*** Opening Records supplied ***

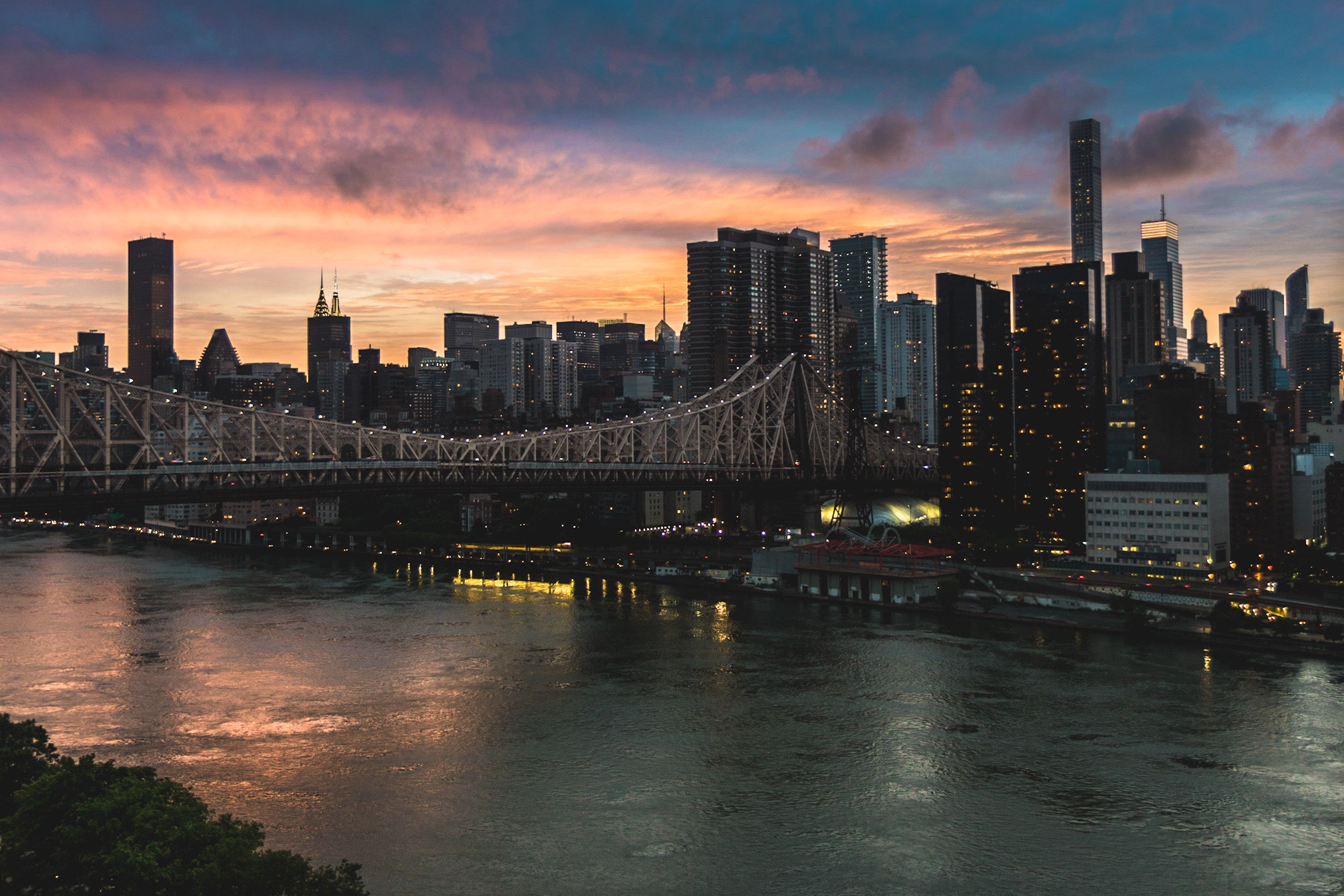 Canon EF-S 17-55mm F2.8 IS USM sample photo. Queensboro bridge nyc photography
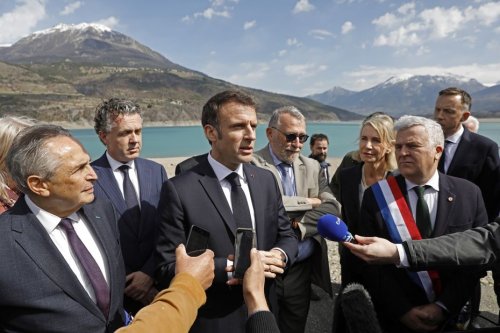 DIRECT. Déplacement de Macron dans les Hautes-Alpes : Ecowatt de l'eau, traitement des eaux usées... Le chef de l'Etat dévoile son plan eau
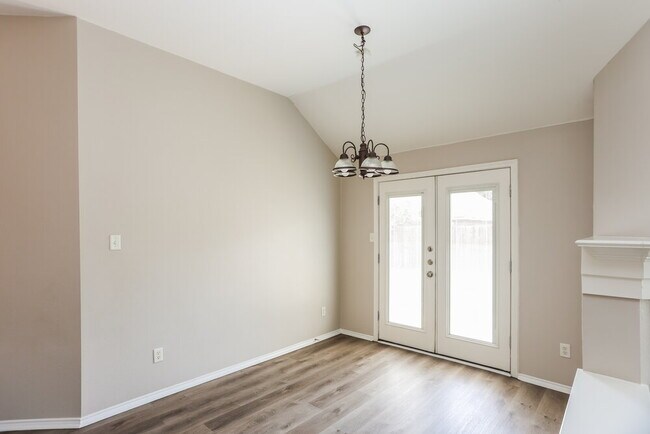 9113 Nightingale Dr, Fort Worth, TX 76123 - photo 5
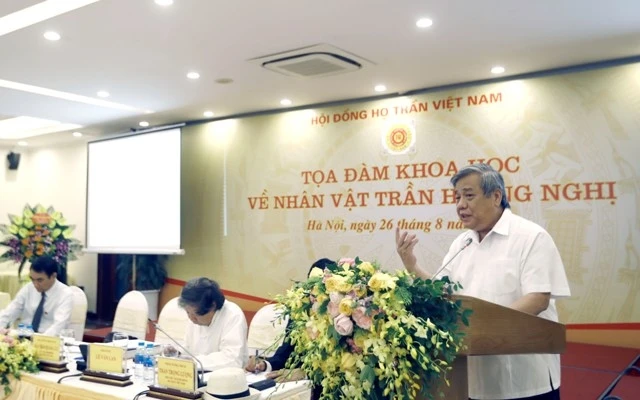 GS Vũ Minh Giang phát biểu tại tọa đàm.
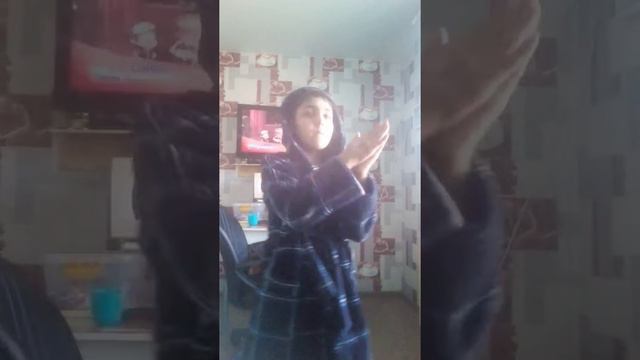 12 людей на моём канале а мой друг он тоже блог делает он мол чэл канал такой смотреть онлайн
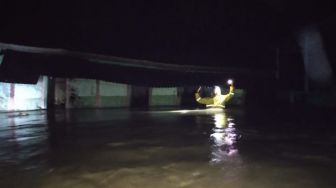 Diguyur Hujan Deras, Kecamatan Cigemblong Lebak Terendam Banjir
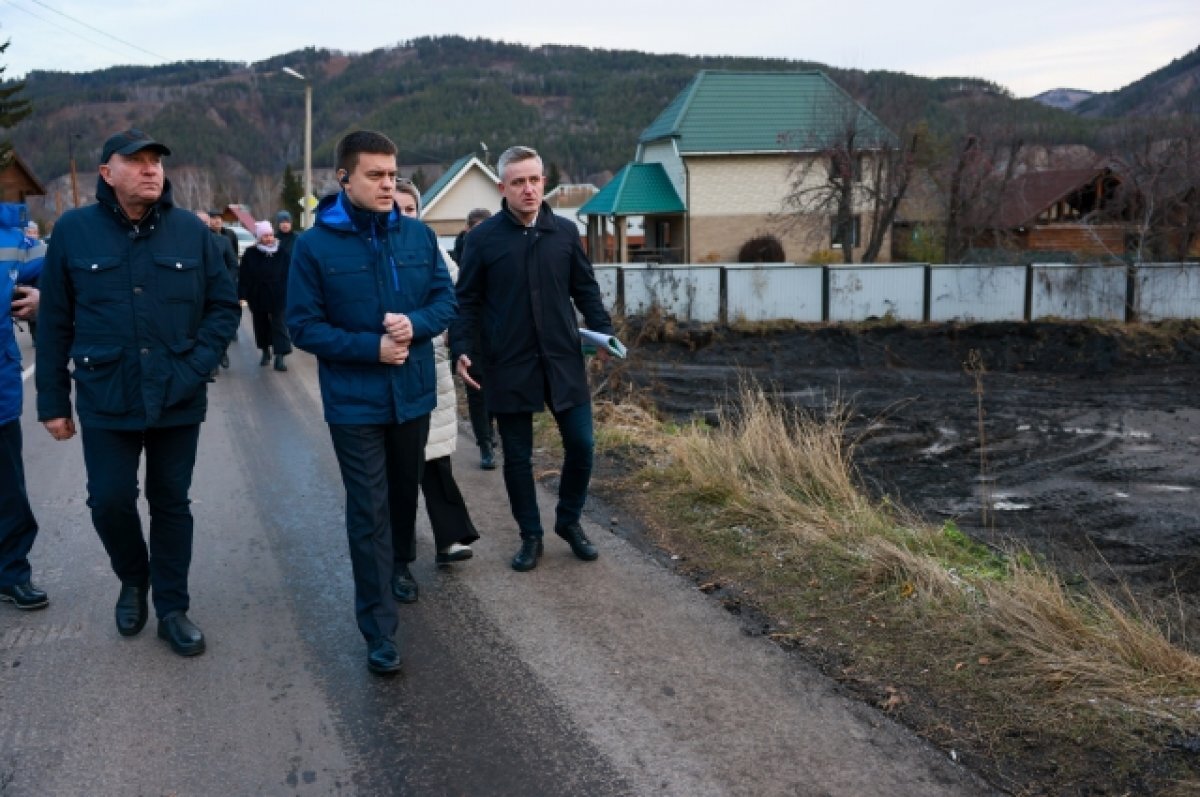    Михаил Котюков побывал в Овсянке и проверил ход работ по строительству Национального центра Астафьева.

*** Closing Records supplied ***

[Work order] Please leave out the pictures while you copy exactly the lines from the one containing "Diguyur Hujan Deras, Kecamatan" through the end of the records.

[Expected output]
 Diguyur Hujan Deras, Kecamatan Cigemblong Lebak Terendam Banjir
    Михаил Котюков побывал в Овсянке и проверил ход работ по строительству Национального центра Астафьева.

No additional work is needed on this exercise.